··· Data to process ···

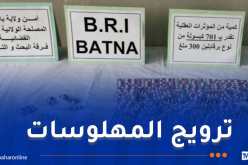 BRI باتنة توقف شخص وتحجز كمية من المؤثرات العقلية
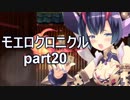 こすってつまんでパンツを穿かせるRPGを実況する part20【モエロクロニクル 実況】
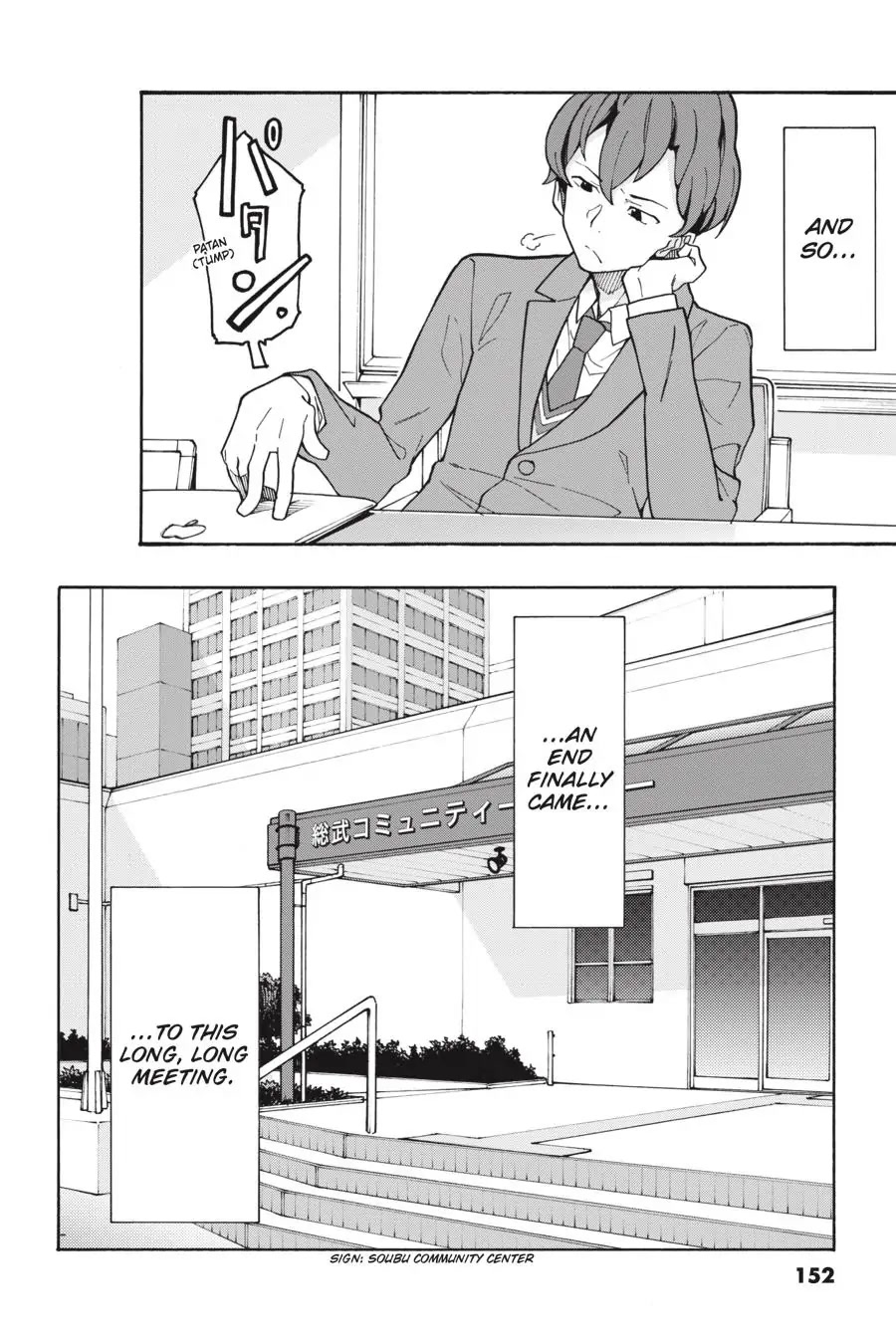 My Youth Romantic Comedy Is Wrong as I Expected @ comic Chapter 69 page 35 - Chapter 69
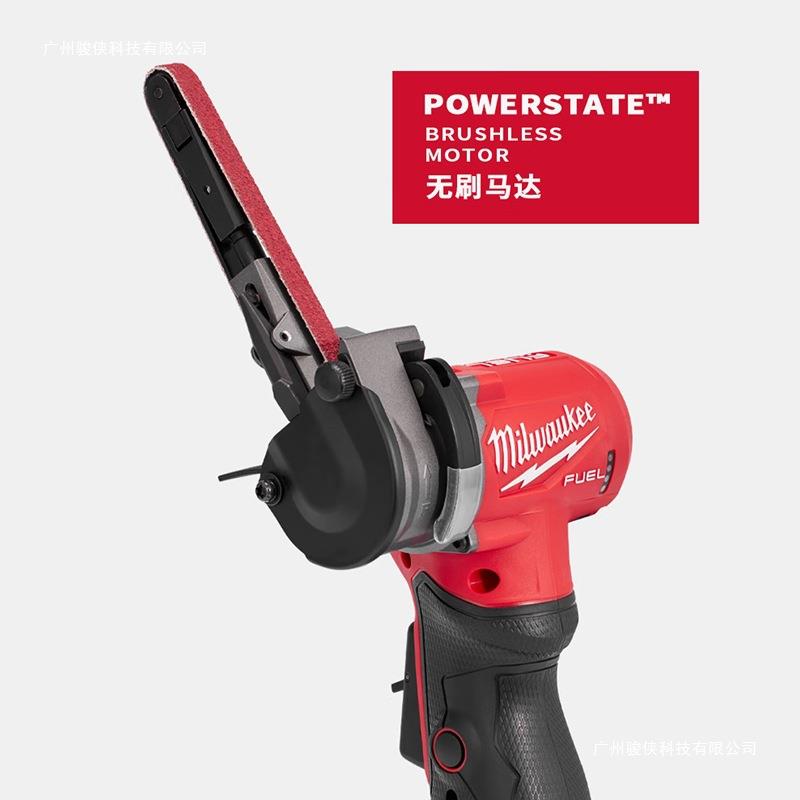 milwaukee美沃奇M12 FUEL 无刷充电式带式砂光机打磨抛光砂纸机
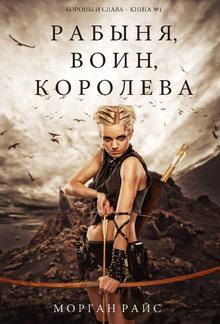 Рабыня, воин, королева (Короны и слава – Книга #1) PDF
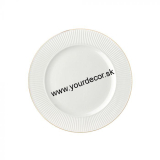 NICE tanier obedový biely/zlatá linka D27cm, SET6ks
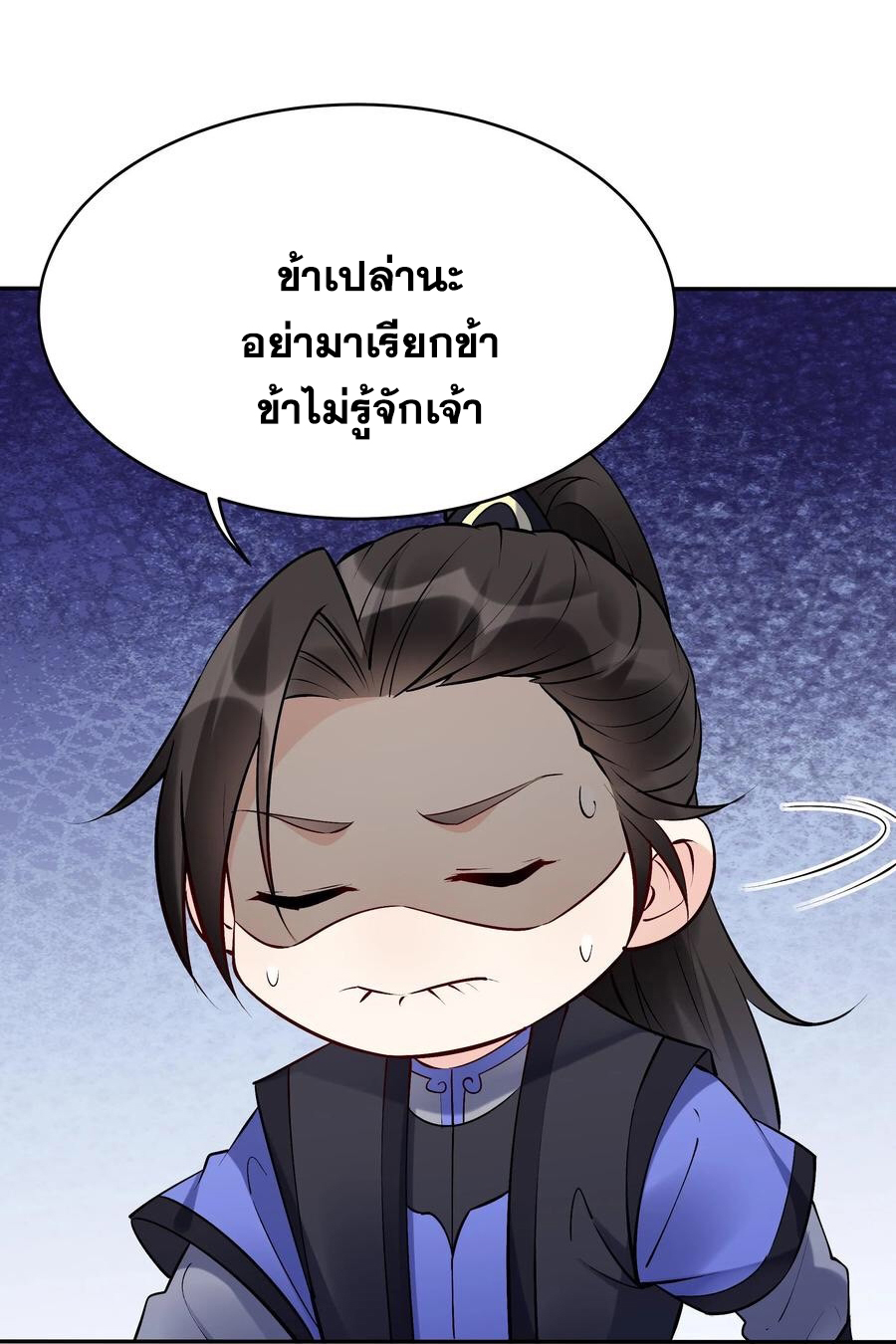 The Villain of Destiny วายร้ายแห่งโชคชะตา! ตอนที่ 96 หน้า 3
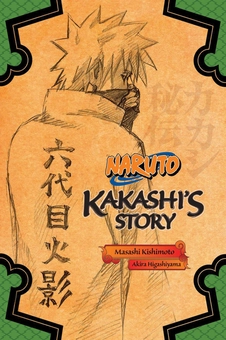 Бумажная книга «Naruto. Kakashi's Story. Lightning in the Frozen Sky», авторов Масаси Кисимото, Акира Хигасияма - фото №2 - миниатюра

···

• Task requirements:
Only the lines from the line holding "The Villain of" through the last line above belong in the answer, repeated exactly; the pictures do not.

• Answer below:
 The Villain of Destiny วายร้ายแห่งโชคชะตา! ตอนที่ 96 หน้า 3
 Бумажная книга «Naruto. Kakashi's Story. Lightning in the Frozen Sky», авторов Масаси Кисимото, Акира Хигасияма - фото №2 - миниатюра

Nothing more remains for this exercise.